**WHAT YOU WILL DO:** Report the number of lines of the listing below containing the string "Ford", with nothing added.
(RECORDED INFORMATION)
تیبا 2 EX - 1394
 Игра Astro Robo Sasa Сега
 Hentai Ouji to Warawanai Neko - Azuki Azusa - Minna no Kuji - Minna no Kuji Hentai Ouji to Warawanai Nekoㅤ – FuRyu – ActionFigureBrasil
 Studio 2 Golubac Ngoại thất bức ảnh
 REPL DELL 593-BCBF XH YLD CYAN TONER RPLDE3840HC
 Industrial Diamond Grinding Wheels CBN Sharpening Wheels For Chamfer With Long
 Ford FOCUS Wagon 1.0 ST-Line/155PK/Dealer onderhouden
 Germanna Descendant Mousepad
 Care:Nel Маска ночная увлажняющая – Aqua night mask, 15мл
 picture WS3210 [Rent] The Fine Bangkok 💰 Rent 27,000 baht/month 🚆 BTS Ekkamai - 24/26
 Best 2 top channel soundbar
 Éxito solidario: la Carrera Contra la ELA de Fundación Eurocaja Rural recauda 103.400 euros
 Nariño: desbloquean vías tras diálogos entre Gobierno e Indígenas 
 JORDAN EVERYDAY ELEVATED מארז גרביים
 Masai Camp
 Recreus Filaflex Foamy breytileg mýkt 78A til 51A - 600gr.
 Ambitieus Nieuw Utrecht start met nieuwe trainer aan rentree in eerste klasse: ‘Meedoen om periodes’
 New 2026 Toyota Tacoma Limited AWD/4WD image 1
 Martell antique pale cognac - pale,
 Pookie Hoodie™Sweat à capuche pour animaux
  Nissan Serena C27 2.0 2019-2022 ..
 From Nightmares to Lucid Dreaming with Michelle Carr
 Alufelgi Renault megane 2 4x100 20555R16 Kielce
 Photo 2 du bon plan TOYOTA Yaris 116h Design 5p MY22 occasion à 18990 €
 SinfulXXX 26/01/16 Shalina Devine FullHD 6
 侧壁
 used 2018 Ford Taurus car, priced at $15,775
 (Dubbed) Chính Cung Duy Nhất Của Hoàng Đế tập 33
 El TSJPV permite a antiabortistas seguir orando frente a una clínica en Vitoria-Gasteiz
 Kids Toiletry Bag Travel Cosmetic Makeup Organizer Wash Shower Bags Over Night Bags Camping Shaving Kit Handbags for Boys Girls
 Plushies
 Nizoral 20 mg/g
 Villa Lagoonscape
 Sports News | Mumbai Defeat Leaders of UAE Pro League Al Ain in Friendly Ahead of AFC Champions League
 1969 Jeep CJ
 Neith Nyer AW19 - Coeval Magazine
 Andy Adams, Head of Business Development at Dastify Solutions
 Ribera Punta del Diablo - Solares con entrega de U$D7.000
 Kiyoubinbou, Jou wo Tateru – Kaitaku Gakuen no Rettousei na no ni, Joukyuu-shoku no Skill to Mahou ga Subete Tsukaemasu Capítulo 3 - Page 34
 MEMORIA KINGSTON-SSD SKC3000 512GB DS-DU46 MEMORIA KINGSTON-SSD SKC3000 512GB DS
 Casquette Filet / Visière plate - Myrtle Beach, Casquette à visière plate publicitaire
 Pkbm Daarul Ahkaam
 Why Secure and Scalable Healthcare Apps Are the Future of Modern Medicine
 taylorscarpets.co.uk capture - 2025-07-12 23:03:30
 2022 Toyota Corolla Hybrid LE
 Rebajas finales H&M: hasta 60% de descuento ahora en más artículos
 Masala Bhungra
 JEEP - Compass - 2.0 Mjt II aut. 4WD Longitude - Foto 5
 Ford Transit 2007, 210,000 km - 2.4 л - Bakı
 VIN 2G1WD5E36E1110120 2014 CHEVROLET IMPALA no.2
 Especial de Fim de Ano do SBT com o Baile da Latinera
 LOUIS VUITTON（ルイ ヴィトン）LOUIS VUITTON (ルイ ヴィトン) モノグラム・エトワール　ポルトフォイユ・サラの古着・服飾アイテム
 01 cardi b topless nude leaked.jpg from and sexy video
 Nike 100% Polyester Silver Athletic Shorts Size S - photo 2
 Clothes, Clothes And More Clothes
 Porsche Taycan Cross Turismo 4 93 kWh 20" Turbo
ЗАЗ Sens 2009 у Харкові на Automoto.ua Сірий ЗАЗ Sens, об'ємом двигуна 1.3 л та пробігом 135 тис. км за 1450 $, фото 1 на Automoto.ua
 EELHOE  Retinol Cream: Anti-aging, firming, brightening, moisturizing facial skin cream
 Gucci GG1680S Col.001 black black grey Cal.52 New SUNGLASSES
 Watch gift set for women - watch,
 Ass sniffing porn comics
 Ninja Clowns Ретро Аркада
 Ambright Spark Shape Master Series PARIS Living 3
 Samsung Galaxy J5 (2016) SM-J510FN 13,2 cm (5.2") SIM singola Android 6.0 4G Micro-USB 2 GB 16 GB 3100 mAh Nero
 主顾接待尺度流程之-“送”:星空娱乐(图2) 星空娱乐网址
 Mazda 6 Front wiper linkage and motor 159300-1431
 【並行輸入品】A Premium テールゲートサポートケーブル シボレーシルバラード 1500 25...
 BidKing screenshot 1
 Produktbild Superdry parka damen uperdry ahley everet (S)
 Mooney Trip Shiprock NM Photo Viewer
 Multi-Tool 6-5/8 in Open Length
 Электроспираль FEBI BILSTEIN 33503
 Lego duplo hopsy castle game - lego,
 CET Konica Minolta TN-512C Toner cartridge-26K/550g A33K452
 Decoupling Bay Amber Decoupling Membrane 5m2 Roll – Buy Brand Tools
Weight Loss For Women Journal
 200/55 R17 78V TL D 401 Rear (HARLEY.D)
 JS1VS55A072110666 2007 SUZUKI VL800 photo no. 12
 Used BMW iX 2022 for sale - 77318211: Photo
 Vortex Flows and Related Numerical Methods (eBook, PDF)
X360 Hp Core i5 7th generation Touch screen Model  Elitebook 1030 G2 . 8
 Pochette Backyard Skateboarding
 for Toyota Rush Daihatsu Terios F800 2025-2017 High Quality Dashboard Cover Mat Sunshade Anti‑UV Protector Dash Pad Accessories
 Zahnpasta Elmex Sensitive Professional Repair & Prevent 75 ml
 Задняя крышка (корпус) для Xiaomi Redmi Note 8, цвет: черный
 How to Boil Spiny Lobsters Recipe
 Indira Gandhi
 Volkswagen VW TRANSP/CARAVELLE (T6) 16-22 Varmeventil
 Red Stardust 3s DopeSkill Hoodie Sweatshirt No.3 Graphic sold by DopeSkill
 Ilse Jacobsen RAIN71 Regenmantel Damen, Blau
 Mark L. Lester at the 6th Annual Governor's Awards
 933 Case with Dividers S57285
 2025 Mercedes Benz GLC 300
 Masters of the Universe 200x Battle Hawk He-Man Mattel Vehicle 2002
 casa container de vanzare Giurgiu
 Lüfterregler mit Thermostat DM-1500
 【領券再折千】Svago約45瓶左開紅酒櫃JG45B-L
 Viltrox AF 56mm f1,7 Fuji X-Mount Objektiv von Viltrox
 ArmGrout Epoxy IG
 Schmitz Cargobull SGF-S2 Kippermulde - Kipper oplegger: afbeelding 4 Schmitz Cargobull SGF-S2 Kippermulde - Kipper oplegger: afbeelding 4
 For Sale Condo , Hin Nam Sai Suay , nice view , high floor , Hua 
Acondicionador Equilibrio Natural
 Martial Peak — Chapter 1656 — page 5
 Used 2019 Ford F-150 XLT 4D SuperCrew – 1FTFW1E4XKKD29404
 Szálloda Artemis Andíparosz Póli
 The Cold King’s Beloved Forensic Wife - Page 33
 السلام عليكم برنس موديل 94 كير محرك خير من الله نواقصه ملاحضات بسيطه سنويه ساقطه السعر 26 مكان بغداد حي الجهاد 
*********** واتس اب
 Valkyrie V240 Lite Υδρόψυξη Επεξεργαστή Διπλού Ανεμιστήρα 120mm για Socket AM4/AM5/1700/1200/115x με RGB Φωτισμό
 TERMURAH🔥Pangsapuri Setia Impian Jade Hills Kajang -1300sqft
(End RECORDED INFORMATION)
**YOUR SOLUTION:** 4